Having settled back down in his hometown of Zurich, former Chair of the Paediatric Sepsis Clinical Advisory Group and Paediatric Intensivist at the Queensland Children’s Hospital, Assoc. Professor Luregn Schlapbach recounts his time in Queensland and his passion for improving outcomes from sepsis.
For Luregn, his interest in sepsis and childhood infections stems from their somewhat mysterious nature. “Infections have been a challenge for the human species for our entire evolution. Yet it is intriguing that even in an era where we have vaccines, access to antibiotics, and even sophisticated intensive care support, sepsis remains a leading killer disease,” he said.
During the past 20 years in Queensland, the type of infections affecting children have changed, with meningococcal infections the leading cause of sepsis in the year 2000. Large-scale public awareness and vaccination campaigns appear to have had the desired effect since this time, with meningococcal sepsis much less common nowadays.
“In contrast, we see more severe staph or streptococcal infections [now]. Overall, the proportion of children with complex healthcare issues seems to be increasing too,” Luregn said.
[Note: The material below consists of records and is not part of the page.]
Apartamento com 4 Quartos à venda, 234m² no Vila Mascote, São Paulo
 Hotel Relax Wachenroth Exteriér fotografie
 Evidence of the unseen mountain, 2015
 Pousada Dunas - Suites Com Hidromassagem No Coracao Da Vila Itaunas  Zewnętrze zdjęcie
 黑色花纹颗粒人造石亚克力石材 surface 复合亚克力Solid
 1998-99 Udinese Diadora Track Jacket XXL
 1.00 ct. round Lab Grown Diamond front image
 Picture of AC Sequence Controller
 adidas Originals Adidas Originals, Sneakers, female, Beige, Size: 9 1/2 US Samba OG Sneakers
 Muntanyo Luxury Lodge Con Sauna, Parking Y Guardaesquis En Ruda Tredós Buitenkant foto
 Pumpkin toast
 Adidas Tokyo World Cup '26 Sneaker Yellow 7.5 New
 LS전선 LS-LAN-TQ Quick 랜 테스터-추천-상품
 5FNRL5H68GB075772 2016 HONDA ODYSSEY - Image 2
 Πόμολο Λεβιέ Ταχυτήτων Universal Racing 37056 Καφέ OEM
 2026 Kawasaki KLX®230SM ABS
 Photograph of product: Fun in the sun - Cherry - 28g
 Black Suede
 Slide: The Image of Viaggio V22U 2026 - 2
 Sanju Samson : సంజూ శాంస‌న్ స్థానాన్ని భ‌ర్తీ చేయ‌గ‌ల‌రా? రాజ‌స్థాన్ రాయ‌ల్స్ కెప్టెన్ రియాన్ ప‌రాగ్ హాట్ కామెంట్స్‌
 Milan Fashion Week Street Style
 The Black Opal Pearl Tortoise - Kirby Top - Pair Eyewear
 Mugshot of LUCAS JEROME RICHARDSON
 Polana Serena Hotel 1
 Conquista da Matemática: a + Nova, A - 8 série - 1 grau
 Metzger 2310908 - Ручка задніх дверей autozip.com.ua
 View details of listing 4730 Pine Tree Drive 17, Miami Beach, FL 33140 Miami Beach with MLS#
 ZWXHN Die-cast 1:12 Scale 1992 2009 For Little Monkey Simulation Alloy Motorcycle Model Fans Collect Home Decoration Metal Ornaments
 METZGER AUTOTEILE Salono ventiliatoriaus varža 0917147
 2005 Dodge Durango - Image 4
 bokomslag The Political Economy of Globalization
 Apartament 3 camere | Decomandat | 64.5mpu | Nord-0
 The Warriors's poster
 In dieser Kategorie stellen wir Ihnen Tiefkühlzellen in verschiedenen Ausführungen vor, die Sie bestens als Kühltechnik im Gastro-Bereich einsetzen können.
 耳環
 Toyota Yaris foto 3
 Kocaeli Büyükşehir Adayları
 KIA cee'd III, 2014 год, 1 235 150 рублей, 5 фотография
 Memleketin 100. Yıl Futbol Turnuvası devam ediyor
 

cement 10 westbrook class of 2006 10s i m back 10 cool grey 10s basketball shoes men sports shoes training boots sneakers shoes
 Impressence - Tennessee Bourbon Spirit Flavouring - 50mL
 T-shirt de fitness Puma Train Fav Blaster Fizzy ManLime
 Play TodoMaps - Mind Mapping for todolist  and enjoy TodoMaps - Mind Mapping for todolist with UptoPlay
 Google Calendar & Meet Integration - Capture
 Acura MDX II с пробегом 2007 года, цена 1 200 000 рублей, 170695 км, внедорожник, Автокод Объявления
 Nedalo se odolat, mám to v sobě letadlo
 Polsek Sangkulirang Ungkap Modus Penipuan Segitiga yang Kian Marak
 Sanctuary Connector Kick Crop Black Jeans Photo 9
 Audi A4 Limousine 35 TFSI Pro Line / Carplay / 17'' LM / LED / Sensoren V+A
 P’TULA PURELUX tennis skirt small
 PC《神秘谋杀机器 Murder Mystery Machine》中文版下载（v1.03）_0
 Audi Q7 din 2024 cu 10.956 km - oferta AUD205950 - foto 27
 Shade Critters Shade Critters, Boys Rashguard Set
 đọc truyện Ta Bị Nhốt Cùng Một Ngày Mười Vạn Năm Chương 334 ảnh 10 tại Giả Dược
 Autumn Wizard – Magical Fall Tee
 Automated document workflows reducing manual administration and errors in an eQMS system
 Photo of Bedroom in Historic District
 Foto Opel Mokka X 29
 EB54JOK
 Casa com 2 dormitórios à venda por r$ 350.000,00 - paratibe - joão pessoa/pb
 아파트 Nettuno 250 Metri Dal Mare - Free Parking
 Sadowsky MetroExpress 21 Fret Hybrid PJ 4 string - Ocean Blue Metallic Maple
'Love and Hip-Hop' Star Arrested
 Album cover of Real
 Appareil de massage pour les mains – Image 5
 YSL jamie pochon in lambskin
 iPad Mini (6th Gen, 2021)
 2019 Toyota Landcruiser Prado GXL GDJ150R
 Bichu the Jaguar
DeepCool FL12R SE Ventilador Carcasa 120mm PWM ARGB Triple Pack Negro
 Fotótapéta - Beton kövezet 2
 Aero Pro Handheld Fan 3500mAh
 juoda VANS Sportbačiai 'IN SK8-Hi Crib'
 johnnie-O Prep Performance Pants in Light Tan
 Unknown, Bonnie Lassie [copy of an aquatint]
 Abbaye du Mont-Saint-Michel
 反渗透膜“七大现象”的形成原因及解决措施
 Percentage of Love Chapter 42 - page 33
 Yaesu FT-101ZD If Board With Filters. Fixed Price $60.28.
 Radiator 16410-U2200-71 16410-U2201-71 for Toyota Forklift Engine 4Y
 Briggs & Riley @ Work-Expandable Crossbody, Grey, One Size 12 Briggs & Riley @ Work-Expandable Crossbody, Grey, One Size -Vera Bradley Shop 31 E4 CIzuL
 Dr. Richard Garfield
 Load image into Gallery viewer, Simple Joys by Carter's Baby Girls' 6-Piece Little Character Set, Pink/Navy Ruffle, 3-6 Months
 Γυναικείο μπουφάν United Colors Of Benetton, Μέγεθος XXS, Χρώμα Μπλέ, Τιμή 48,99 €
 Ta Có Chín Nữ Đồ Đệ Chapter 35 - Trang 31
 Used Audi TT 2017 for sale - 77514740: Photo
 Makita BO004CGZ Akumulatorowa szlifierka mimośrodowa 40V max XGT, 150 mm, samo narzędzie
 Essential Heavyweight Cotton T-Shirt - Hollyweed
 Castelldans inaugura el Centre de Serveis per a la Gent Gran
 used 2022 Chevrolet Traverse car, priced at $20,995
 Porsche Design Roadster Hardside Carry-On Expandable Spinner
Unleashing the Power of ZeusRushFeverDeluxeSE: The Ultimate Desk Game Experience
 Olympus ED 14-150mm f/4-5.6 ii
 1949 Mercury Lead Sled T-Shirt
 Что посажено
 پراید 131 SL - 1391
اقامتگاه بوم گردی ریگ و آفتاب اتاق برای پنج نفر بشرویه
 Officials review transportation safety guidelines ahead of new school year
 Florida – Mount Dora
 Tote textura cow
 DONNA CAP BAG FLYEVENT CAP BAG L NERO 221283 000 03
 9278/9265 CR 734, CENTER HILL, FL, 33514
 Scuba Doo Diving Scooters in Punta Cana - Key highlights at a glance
And of course – now there’s COVID to contend with. “The COVID pandemic has showed how vulnerable we can be for infections. Sadly, although children are less often affected by COVID, many more children die of bacterial sepsis around the world in comparison to COVID; and even COVID can result in sepsis. Hence, sepsis remains a really big problem,” Luregn said.
“What strikes me about sepsis is its time-sensitive nature: if we get better at recognising the disease, and then initiating treatment in a timely fashion, this can make a tremendous impact and save many lives.”
Which is exactly what Luregn has dedicated most of his career to in recent years - leading the development of the Queensland Health emergency department paediatric sepsis pathway. “When we started, sepsis was not much of a topic, despite the fact that many families were affected, and many clinicians felt practice could be improved. Over the course of just three years, awareness has improved considerably, and the sepsis pathway is becoming a standard.”
The pathway’s development spanned three years; from a collaborative co-design approach, pilot phase and formal evaluation, with consumers engaged and involved throughout the project.
“The strong engagement of consumers was essential for this shift in my opinion and I am very thankful for what the families have done for the sepsis campaign in Queensland,” Luregn said.
The pathway has now been endorsed by key clinical groups and available to order via Winc, along with the corresponding adult emergency department sepsis pathways.
Reflecting on the project, Luregn describes it as “a very humbling experience”. “To witness how the needs of families, strategic direction within the Department and clinician-driven initiatives went hand-in-hand; I believe that this collaborative approach was key to the success.”
“Outside the UK, many European countries do not have structured sepsis quality improvement initiatives. It is important to realise that the work done in Queensland and New South Wales can be a role model for many services, and should be shared internationally,” Luregn said.
And thanks to a recent award win, Queensland’s work is gaining an international following. The Paediatric Sepsis Project was the winner of the 2020 Global Sepsis Alliance Award in the Governments and Health Authorities category. The awards honour outstanding sepsis awareness and education initiatives.
“But we still have a lot to do. I believe sepsis quality improvement should become a mandatory part of education of healthcare staff, and part of hospital accreditation. In addition, we have to implement digital solutions to allow to track what’s happening and keep improving,” Luregn said.
Fortunately, much of this is already happening. The Australian Commission on Safety and Quality in Healthcare is currently updating the deteriorating patient standard to explicitly include sepsis, meaning hospitals will have to provide evidence of their ability to recognise and respond to a patient with sepsis. The Queensland Sepsis Program and Paediatric Sepsis Project are also working collaboratively with NSW’s Clinical Excellence Commission to develop digital solutions for sepsis.
Clinical Excellence Queensland would like to thank Assoc. Prof Schlapbach for leading this body of work and his overall contribution to the Queensland Sepsis Program. As well as his inspiring and passionate commitment to improving the health of our young people. Importantly, a dedicated group of individuals is continuing this work, engaging with clinicians and consumers across Queensland to help reduce the incidence and burden of sepsis.